Further to my Lucire op–ed on January 8, and my blog post on January 11, I hinted that this could happen.
   From the World Socialist Web Site:

On Friday, Facebook carried out a purge of left-wing, antiwar and progressive pages and accounts, including leading members of the Socialist Equality Party. Facebook gave no explanation why the accounts were disabled or even a public acknowledgement that the deletions had occurred.
   At least a half dozen leading members of the Socialist Equality Party had their Facebook accounts permanently disabled. This included the public account of Genevieve Leigh, the national secretary of the International Youth and Students for Social Equality, and the personal account of Niles Niemuth, the US managing editor of the World Socialist Web Site. In 2016, Niemuth was the Socialist Equality Party’s candidate for US Vice President.

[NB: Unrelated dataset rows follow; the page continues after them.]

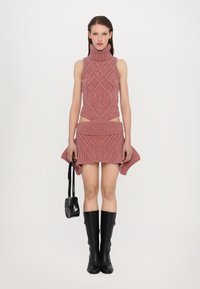 Completo a due pezzi lavorato a maglia di colore rosa con colletto alto, caratterizzato da motivi testurizzati, lati aperti e una gonna svasata. Abbinato a stivali neri sopra il ginocchio.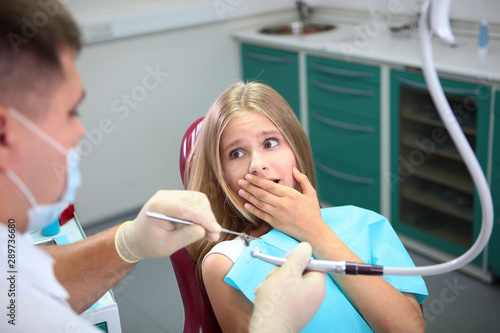 Frightened girl at the dentist s appointment. She closed her mouth in fear. She looks at the doctor  a fright in her eyes. Concept of prevention and treatment of teeth.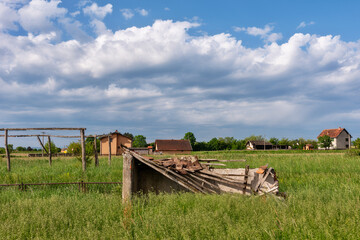 Demolished bench for reserve football players. Abandoned soccer field.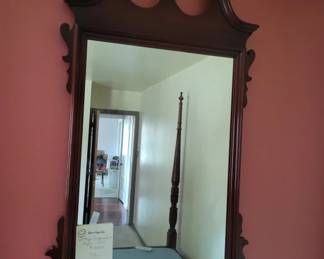 A dark wood framed mirror with decorative carved details along the top and sides. The mirror reflects a doorway and interior hallway.
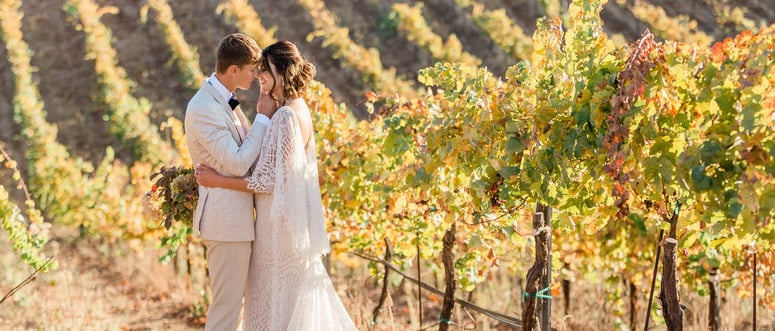 Bel Vino Winery by Wedgewood Weddings - Couple Kissing in Vineyard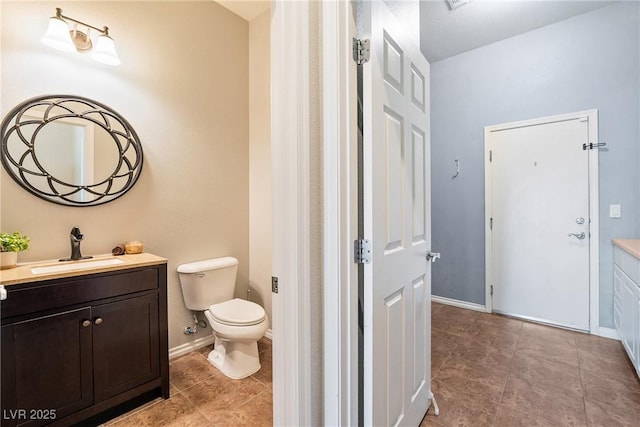 bathroom with vanity, tile patterned floors, and toilet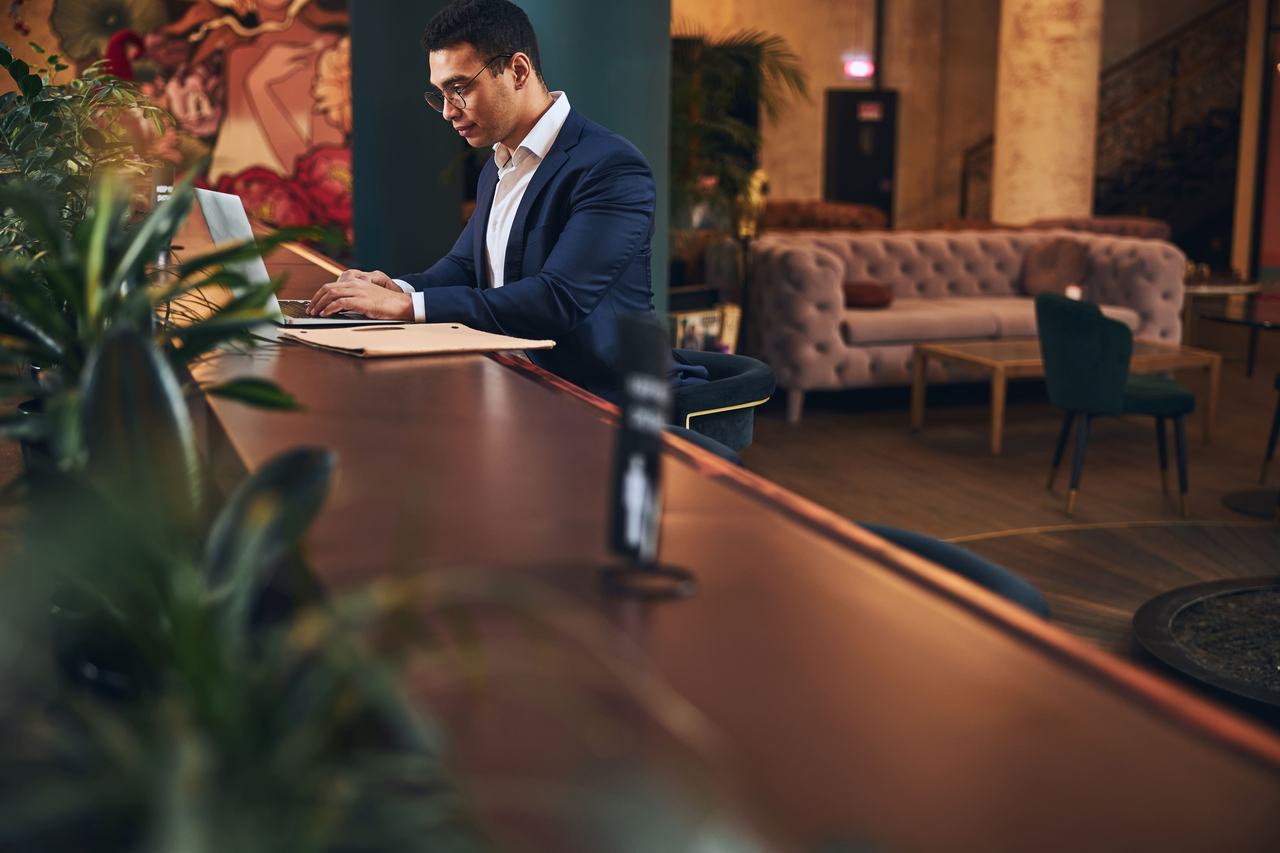 Guest working in a hotel lobby lounge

   Seen it happen before, and we’ll see it again. Given Facebook’s management’s right-wing leanings, this really should come as no surprise. Doing it on a Friday also ensures less coverage by the media.
   I just wonder if the leftists who celebrated the ban of former US president Donald Trump will now be claiming, ‘It’s a private company, they can host whom they like,’ and ‘The First Amendment doesn’t guarantee that these websites should provide you with a platform.’
   I have never trusted Facebook with my personal information and made sure I kept copies of everything. It’s precisely because it is a private company that acts unilaterally and above the law that one never should trust them. We have had so many examples for over a decade.
   My exact words on the 8th were: ‘Leftists (and a good many on the right) might be delighted at the actions taken by US Big Tech, but would one be as cheerful if a Democratic president or a leftist movement were silenced?’
   As I have said for a long time, the left and right have common enemies, and here is a shining example.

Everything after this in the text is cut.